You will see and hear me toggle on and off the vocal mixing chain to hear, with it and without it.
In the vocal mixing chain, we have:
1. Corrective EQ - remove annoying frequencies
2. Dynamic Peak Compression - tame unruly peaks for more consistent vocal
3. Tonal Shaping EQ - bring out presence, midrange power, and air
4. De-Esser - reduce and tame sibilance or harshness
5. Tonal Density Compression - create a more compactness in sound quality
6. Volume - add gain and volume
7. Saturation - warm up the sound and increase pleasant harmonics
The first step to getting a good vocal sound begins with a good vocal recording.
Ensure you record with a good microphone in a good room.
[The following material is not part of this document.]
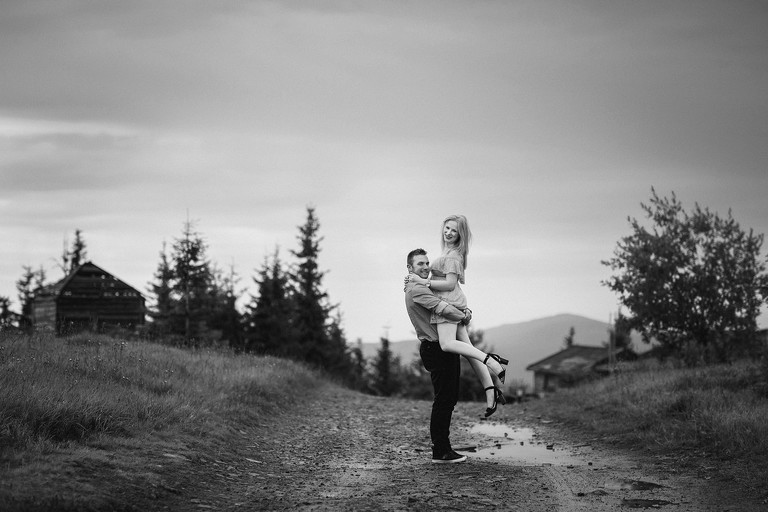 skrzyczne, sesja na skrzycznym, letnia sesja narzeczenska bielsko, sesja narzeczenska bielsko, sesje narzeczenskie bielsko, plener zareczynowy bielsko, sesja zareczyona bielsko, sesja narzeczenska w parku, plener narzeczenski w parku,sesje narzeczenskie slask, zdjecia narzeczenskie slask, sesja narzeczenska katowice, sesja zareczynowa slask, zdjecia zareczynowe slask, www.magiaobrazu.com, fotografia slubna slask, fotograf slubny krakow, zdjecia przedslubne slask, fotografia slubna slask, romantyczna sesja narzeczenska, engagement session, prewedding photosession,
You may have an acoustic treatment which is rather expensive, but if you can't afford it, just make sure you have a room that is semi dead, not too reflective or echoey.
The next thing to take note of is your gain staging. Record at decent gain level.
Don't record a too hot signal nor a too low signal. If you may record low but you want to be mindful of the room you are in. If you're not in a good room, you may run the risk of recording all surrounding noises too.
After you've achieved a very good vocal recording, the next phase is editing. In the editing phase, you want to listen to the entirety of the vocal recording.
Listen for pops, clicks, clips or any annoying frequency that may poke at you.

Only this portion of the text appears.